当時のフランス王国の名目的版図は、せいぜい今日のフランス共和国の半分にも満たない広さで、しかも地方ごとに分裂していた。
ギュイエンヌには王の権威は届かず、ローヌ河の東岸は王権から自立していた。リヨンは地中海貿易圏(イタリアやエスパーニャ)との結びつきが強く、パリの王権や商業資本とは鋭く反目していた。
プロヴァンスやラングドックも王国の埒外にあったし、ブルゴーニュもまたそのほとんどがヴァロワ家フランス王権ではなく、それとは敵対する支配者に服属していた。
もっとも、そんな地方にも小さな飛び地のような直轄王領があって、王はその地を王権の支配下に組み込むための拠点として、あるいは楯突く地方勢力を分断するための楔として利用することもあったのだが。
いずれにせよ、ひとまとまりに統合された国土なんていうものは、はるかにのちの時代の産物だ。

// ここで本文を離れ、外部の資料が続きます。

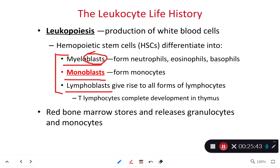When somebody has leukemia — cancer of the white blood cells — a standard treatment is to destroy all hemocytoblasts in the red bone marrow with chemotherapy and radiation, stopping the cancerous cells. During this period the patient is severely immunocompromised with no white blood cells and must avoid infections. Afterwards, the bone marrow is recolonized with non-cancerous red bone marrow via a bone marrow transplant.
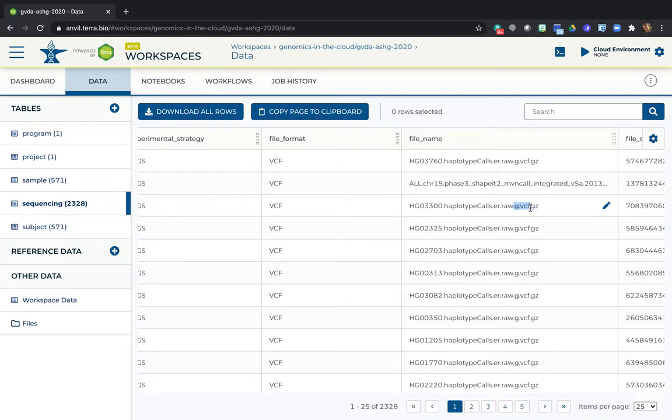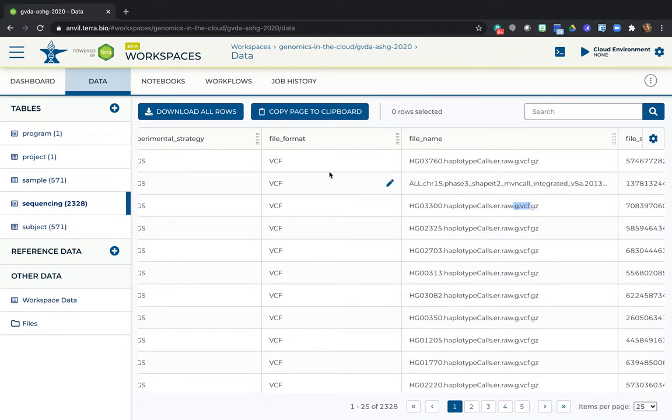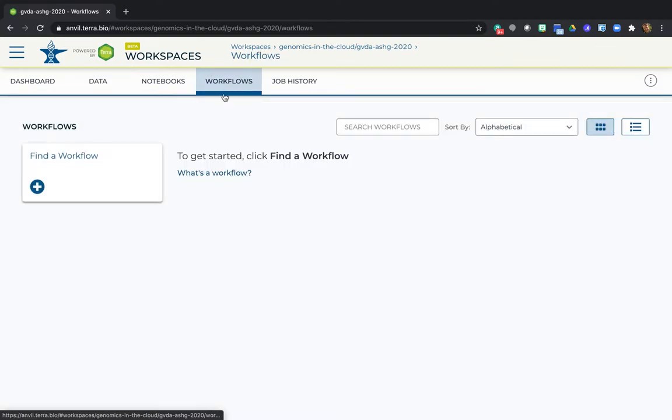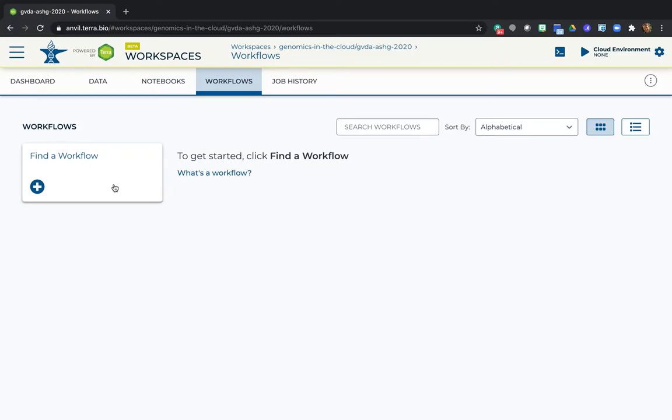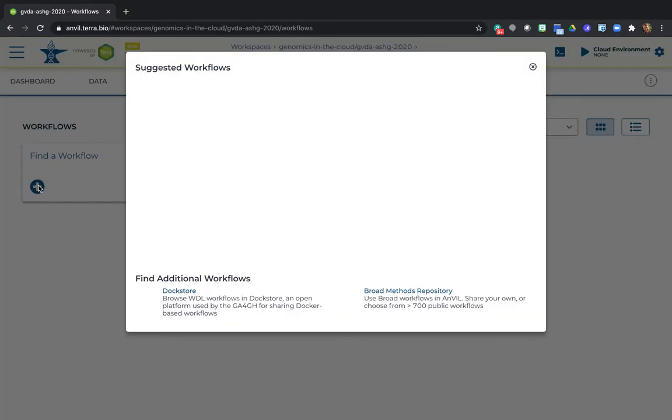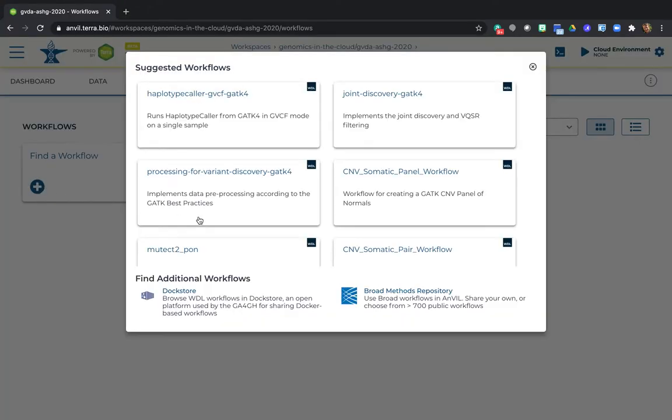I'm going to show you how to find a joint genotyping workflow in Dockstore to try it out on the 1000 Genomes data. So let's head over to the Workflows tab, which is currently empty. In the box that says Find a Workflow, over here on the left, click the big plus sign. That opens a dialog window with a list of popular workflows.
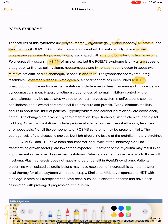The endocrine manifestations include amenorrhea in women, and impotence and gynecomastia in men. Hyperprolactinemia also occurs, due to loss of normal inhibitory control by the hypothalamus. Associated CNS manifestations include papilledema and elevated cerebrospinal fluid pressure and protein.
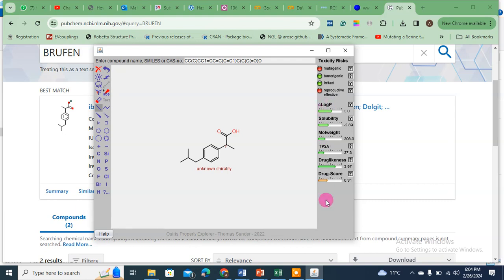What you see looks just like traffic lights. The first four panels are toxicity risks, and the other six panels are related to the chemistry of ibuprofen. On the toxicity panel: it is mutagenic — so ibuprofen can cause mutations. On a lighter note, don't use ibuprofen when you don't need it. It also has a reproductive effect. Is it tumorigenic? No. Is it an irritant? No.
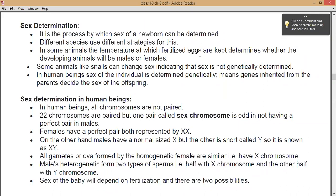In oviparous animals, the temperature at which the fertilized eggs are kept can be used to determine whether the offspring is male or female. Some animals, like snails, can change sex, indicating that sex is not genetically determined in them. In human beings, however, the sex of the individual is determined genetically — the genes inherited from the parents decide the sex of the offspring.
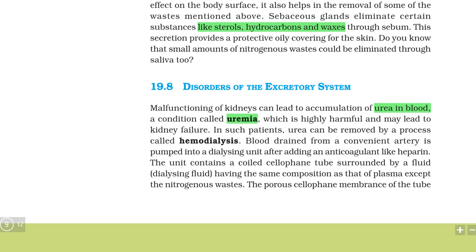In such patients, urea can be removed by a process called hemodialysis — which we commonly call dialysis. This is a process by which urea is removed in the situation of kidney failure. Kidney failure can happen for many reasons.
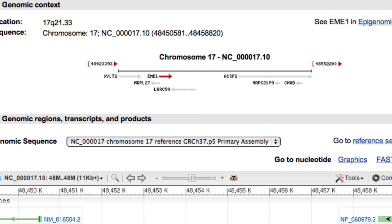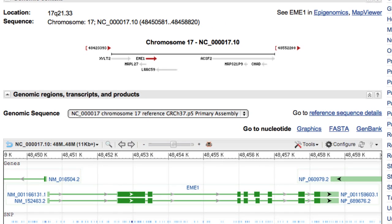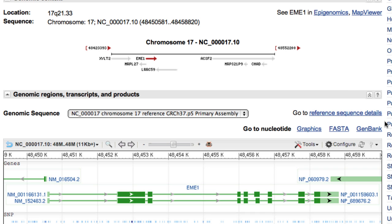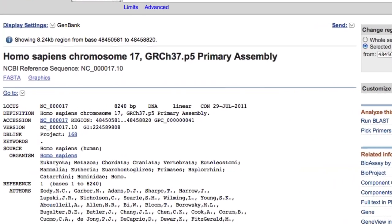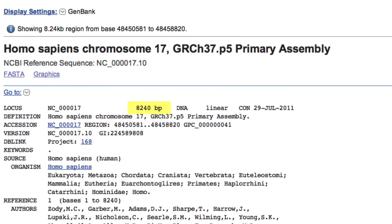A good way to get the genomic sequence is in the next section, where you can link to either the FASTA or GenBank format. I'll go to the GenBank view. This region includes 8,240 base pairs.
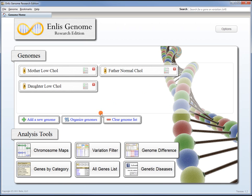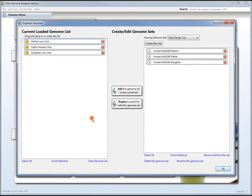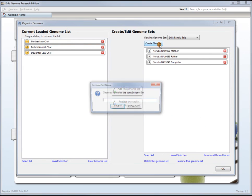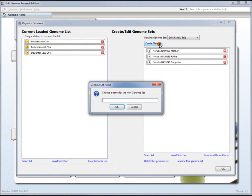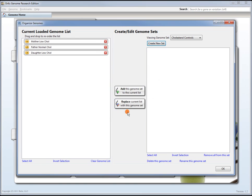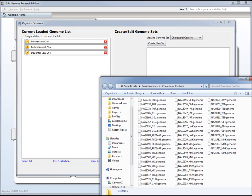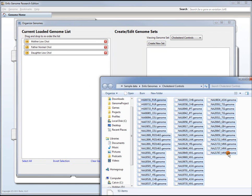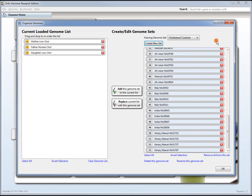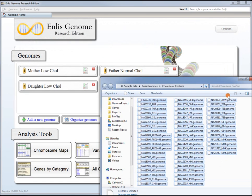I also mentioned that we have 53 control genomes. We might want to create a new genome set so that we can search those all together. We'll call it cholesterol controls, and we'll select all 53 of those genomes, drag that into the new set, and now we can use that for searching.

そのうえ、名目上フランス王の統治に属している地方でさえ、数百にもおよぶ自立的な関税圏に分裂し、交通や物流を政治的・軍事的に分断していた。
たしかにマキァヴェッリは『君主』やそのほかの史論のなかで、「エスパーニャ人」とか「フランス人」「イタリア」というような言葉を用いているが、その意味する内容が何であるのか、あるいはどういう文脈で用いたのかを分析しなければならない。